She looked at it with such a rush of emotion, she felt a constriction in her throat as she said softly:

"You disobeyed orders..."

"Captain?" It was Neelix who sounded puzzled. She didn't look at him when she spoke again.

"Chakotay gave this to me five months ago. A birthday gift. I ordered him to - "

She felt her eyes sting with tears, and tried desperately not to let Neelix see her distress. Oh Chakotay... my love....

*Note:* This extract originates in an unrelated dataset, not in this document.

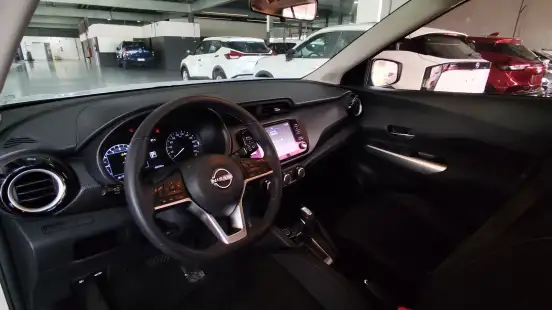 NISSAN-KICKS-2022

Neelix had little idea what his captain was referring to, but he kept quiet. Captain Janeway was a driven woman, more than what he had ever seen before. Driven even more since the day Chakotay and Tom were captured by Annorax. She existed on guilt alone, he thought. Her own anger she seemed to have internalised, feeding off it to keep going. Even in these hopeless months when they were constantly under attack, it was her indomitable spirit, her extreme courage in the face of such incredible adversity that kept the rest of them going. She was strong, taxed herself beyond human endurance. Yet now... looking at her. She's vulnerable again he thought with some compassion. She's hurting again, and there was nothing he could do but stand and watch. Always watch.

Kathryn Janeway held up the watch and felt the raw pain again. A single memory surfaced:

"One day, Kathryn, I swear we'll get home and you can touch your Indiana moon again..."

Those were happier times. When she was Kathryn and he was Chakotay. When she could forget for a short while that she was Captain and he was the first officer. Now he was gone.

You were right, Chakotay. I had to let the crew leave after all. I couldn't ask them to stay, you know. To have done so, would have asked them to die. I couldn't let them die, Chakotay. You understood that before I did. You always knew me better that I did myself, sometimes. I was so much the Captain then, Chakotay. Too much the Captain. And you? You supported me even when you knew I could be wrong.

Kathryn Janeway clutched the watch convulsively in her hand, the fingers curling painfully around the cold silver remembering his words:

"I replicated this months ago, Kathryn," he said quietly.

"It could mean an extra pair of boots, a hypospray..."

She had tried not to look at him in those moments, because she knew she would see the hurt in his eyes. She sent him off like a recalcitrant school boy... Her dirt-stained face puckered and she battled not to cry.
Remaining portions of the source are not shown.